OAuth Pushed Authorization Requests
OAuth Pushed Authorization Request
Wednesday 7A
Convener: Torsten Loddersted & Nat Sakimura
Notes-taker(s): Nat Sakimura
Tags for the session - technology discussed/ideas considered:
- OAuth, OpenID, JAR, PAR
Discussion notes, key understandings, outstanding questions, observations, and, if appropriate to this discussion: action items, next steps:
Torsten explained his presentation.
https://www.slideshare.net/TorstenLodderstedt/pushed-authorization-requests
The problem statement:
- Authorization request integrity protection
- Size problem.
The solution for 1. is JWT Secured Authorization Request (JAR) and 2. Is the request_uri defined in JAR.
Pushed Authorization Request (PAR).
Q. How long should AS keep the request?
A. It is one time use as it contains state, nonce, pkce_challenge etc.
Q. When the authorization request must be checked?
A. When received because there are user_hint etc.
Q. What goes into the front channel?
A. Only request_uri
Q. What would be the migration path for OP?
A. Let’s talk.
Advantages
- Significantly improved security
- Request integrity
- Client authentication
- Robustness
- While offering a simple migration path.

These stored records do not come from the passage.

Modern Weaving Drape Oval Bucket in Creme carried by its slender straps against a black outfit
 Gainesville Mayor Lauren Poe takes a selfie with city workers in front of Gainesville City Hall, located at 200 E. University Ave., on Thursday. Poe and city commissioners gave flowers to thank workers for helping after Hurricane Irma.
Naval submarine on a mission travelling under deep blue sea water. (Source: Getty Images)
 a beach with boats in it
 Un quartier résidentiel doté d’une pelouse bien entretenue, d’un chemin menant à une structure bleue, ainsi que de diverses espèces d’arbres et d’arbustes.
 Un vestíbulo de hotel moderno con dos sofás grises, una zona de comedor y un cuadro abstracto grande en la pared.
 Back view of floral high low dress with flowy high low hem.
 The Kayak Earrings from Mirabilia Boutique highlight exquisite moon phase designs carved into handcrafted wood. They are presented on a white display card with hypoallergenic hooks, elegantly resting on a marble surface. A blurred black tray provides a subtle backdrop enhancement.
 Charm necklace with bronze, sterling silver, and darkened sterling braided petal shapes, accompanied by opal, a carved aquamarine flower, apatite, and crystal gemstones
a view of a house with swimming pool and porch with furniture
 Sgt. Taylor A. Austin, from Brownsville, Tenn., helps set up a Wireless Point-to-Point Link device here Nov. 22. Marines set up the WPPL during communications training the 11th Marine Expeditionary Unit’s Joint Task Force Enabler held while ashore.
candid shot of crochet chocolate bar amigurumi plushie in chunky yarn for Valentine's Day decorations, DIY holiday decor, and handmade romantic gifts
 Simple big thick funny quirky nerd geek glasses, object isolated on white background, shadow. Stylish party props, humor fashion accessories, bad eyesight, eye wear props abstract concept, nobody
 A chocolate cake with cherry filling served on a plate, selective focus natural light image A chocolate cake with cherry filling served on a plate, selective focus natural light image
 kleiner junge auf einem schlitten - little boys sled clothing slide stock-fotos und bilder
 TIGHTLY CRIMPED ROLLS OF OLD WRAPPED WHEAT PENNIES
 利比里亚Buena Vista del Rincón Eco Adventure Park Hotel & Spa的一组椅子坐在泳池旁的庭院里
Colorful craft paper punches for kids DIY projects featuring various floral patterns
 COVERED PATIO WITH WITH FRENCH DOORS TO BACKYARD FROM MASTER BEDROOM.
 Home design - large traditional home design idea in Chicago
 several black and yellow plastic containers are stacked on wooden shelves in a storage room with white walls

Q. Please add the writing on the security risks of not doing this.
A. It is not only security but the robustness problem caused by the size.
OAuth Rich Authorization Request (RAR, Formally known as structured scope)
Torsten went over the slides.
https://www.slideshare.net/TorstenLodderstedt/rich-authorization-requests
Discussions on why new parameters and not re-using the “claims” parameter came up, and a heated debate ensued. It will probably have part 2.